→ **DESCRIPTION OF THE TASK**: From the line containing "Cowl Neck Ruched" to the last line of the data, both included, transcribe each line exactly, leaving out pictures and adding nothing.
• • • • •
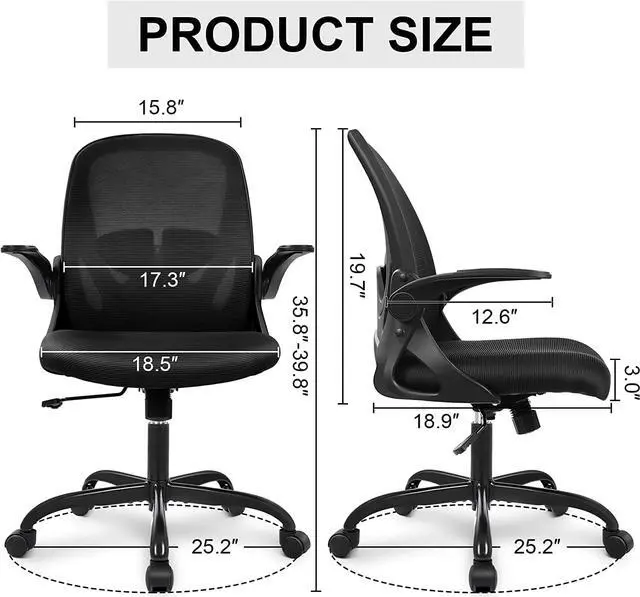 Alt view image 3 of 7 - Office Ergonomic Desk Chair with Adjustable Lumbar Support and Height, Swivel Breathable Mesh Computer Chair with Flip up Armrests for Conference Room (Black)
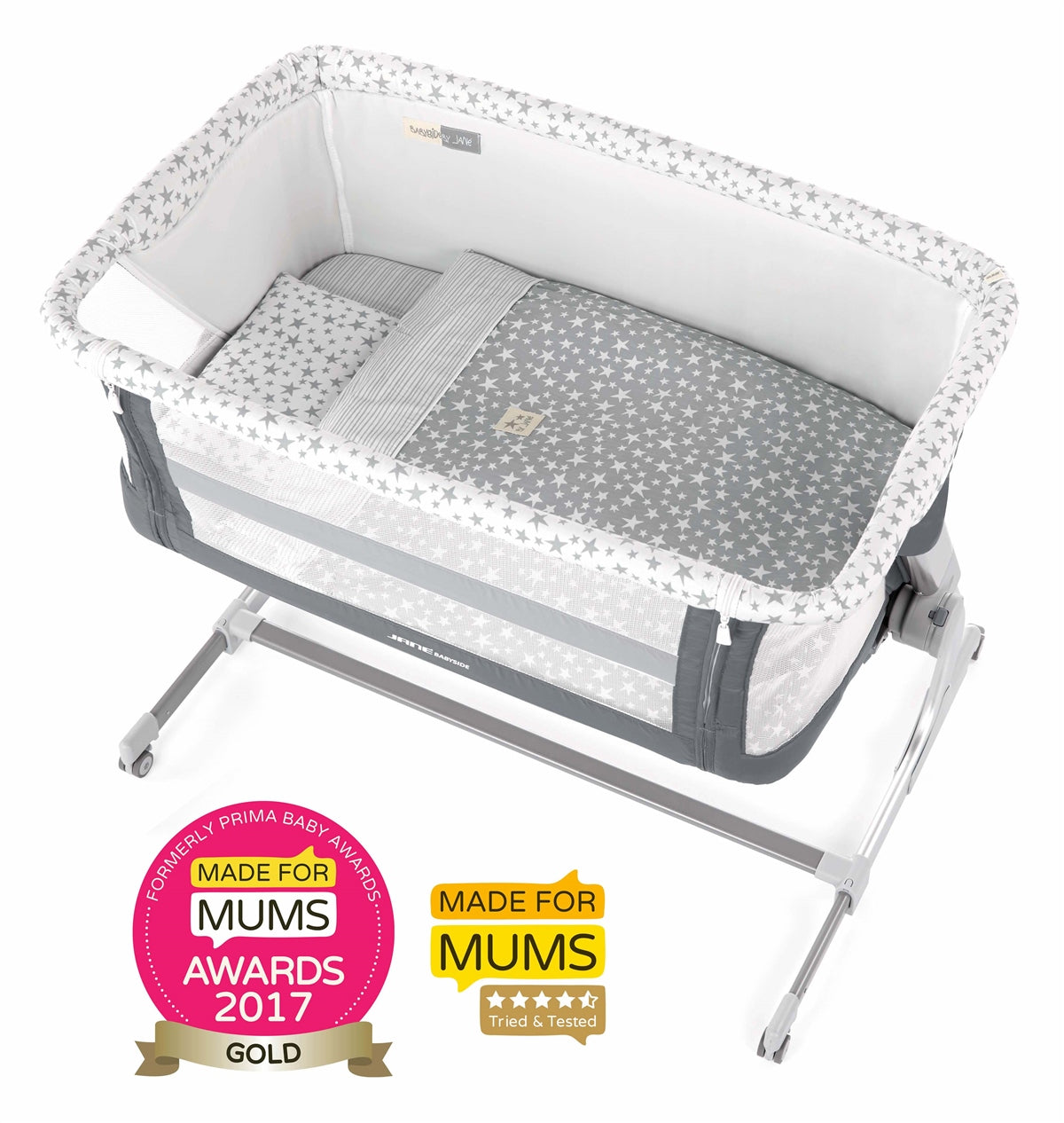 Jane Baby Side Crib + 4 Piece Bedding Set & Safety Mattress, Sesame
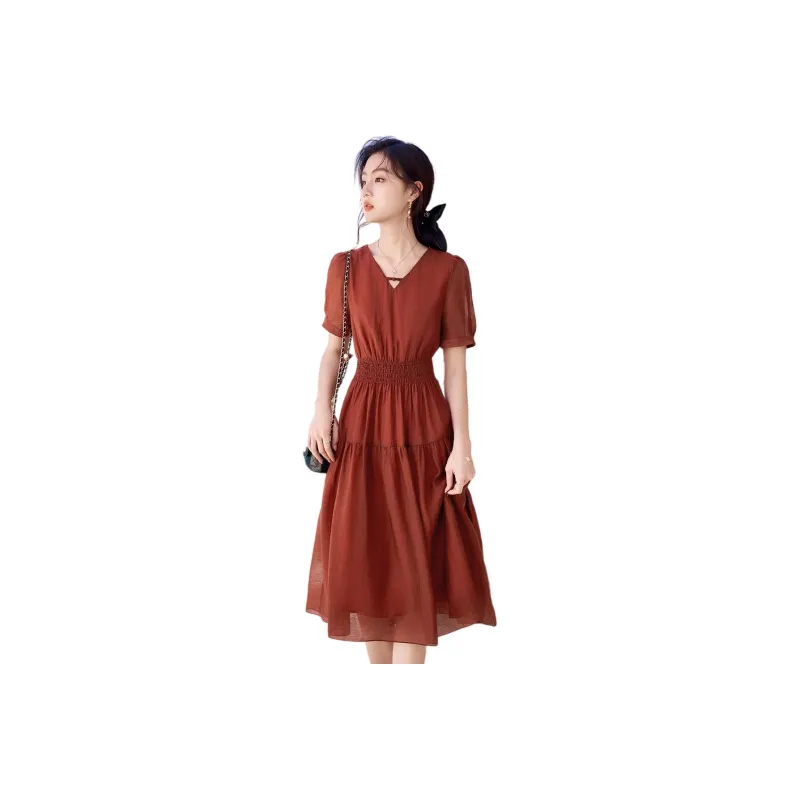 Like The Age Of Water Short Sleeved Dress Women's Red-0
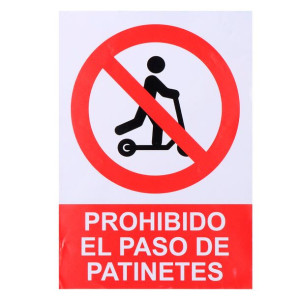 Znak Normaluz Prohibido acceder con patinete Nalepki (21 x 30 cm)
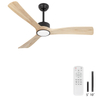Ventiladores de techo de madera de 52 pulgadas con luces y control remoto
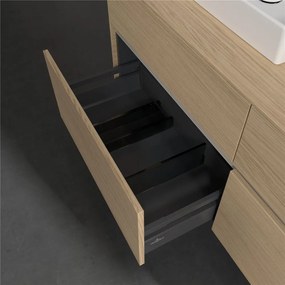 VILLEROY &amp; BOCH Collaro závesná skrinka pod dve umývadlá na dosku, 4 zásuvky, 1400 x 500 x 548 mm, Nordic Oak, C07600VJ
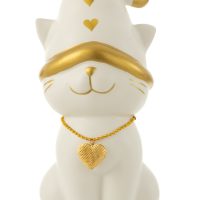 Chat Collier Coeur avec Chapeau, en Dolomite Blanc et Or 16,2x13,6x29,4cm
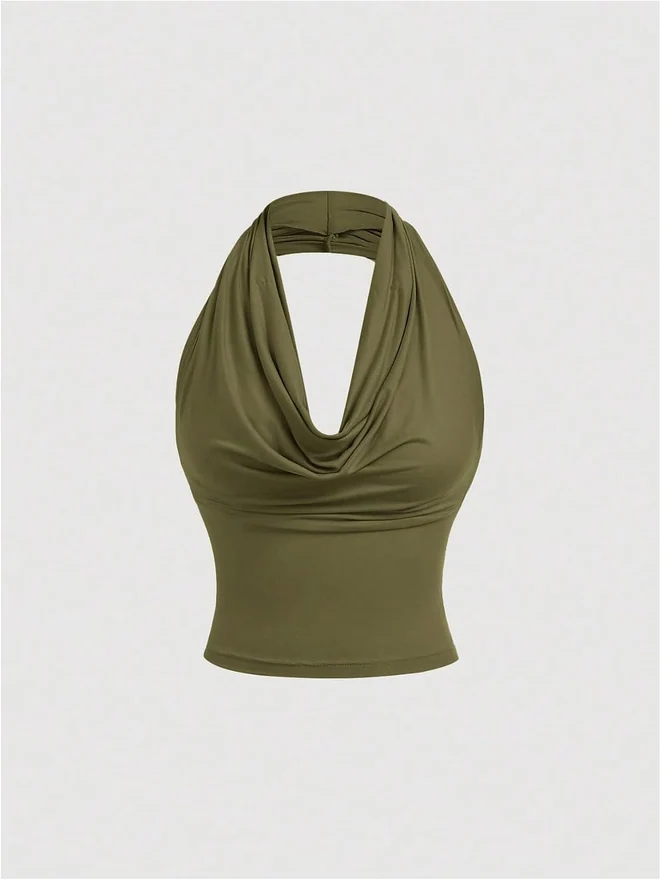 Cowl Neck Ruched Halter Tank Top Off The Shoulder Tops by OYOANGLE, photograph 2 of 4
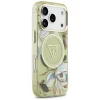 Zelený kryt Guess IML Glitter Flowers Triangle MagSafe pre iPhone 18 Pro / 17 Pro thumbnail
• • • • •
→ **RESPONSE**:
 Cowl Neck Ruched Halter Tank Top Off The Shoulder Tops by OYOANGLE, photograph 2 of 4
 Zelený kryt Guess IML Glitter Flowers Triangle MagSafe pre iPhone 18 Pro / 17 Pro thumbnail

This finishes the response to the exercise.